It’s not a command. Not an order.
It’s a plea.
I’ve never heard him plead before.
I grit my teeth and haul the girl faster.
He reaches us just as another mortar slams into the ridge behind. Debris rains down. His body covers ours before I even register the movement. He shields me with that damn broad frame like it’s instinct. Like it’s the only thing he knows how to do.
When the dust settles, I’m still alive. The girl’s still breathing. Krall’s crouched over us, shoulders heaving.
“You trying to get yourself killed?” he growls.
“You first,” I snap back, heart jackhammering.
His hands hover at my sides, checking for blood.
“Stop it,” I mutter, brushing him off. “I’m fine.”
“You’re not fine.”
“You’re not my—” I pause. Catch myself. Swallow the next word.Commander.
He sees it in my face. And something shifts behind his eyes.
A different kind of urgency.
Not battle-born.
Heart-born.
The girl whimpers, pulling us both back to reality.
We carry her to the med zone together, Krall lifting most of her weight. When we drop her on the cot, a nurse takes over, and I press a hand to my thigh—muscle spasming from strain.

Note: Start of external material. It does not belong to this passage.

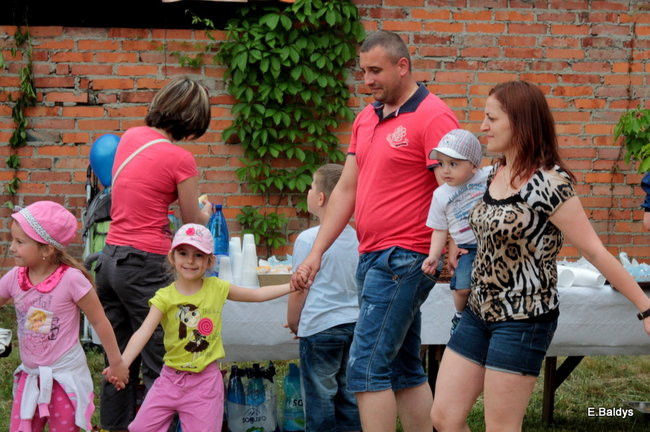 Bawili się w klasztornym ogrodzie (zdjęcia)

Krall doesn’t move far. Just waits until the next explosion.
And then he grabs my hand.
“Come on,” he says.
We duck behind one of the makeshift barricades near the west flank. Half a wall of dented sheet metal and sandbags that smell like mildew and piss. I lean against it, chest heaving.
He’s watching me. Not the perimeter.
Me.
“You okay?” he asks.
“No,” I answer honestly.
He grunts. “Good. Me neither.”
I laugh, and it’s ugly and sharp, but it cuts through the noise, even if just for a second.
I look at him.
He’s crouched beside me, one hand on his weapon, the other still curled near mine. Dust streaks his cheek. Blood at the corner of his mouth. His eyes—those impossible, deep-shadowed, war-hungry eyes—meet mine.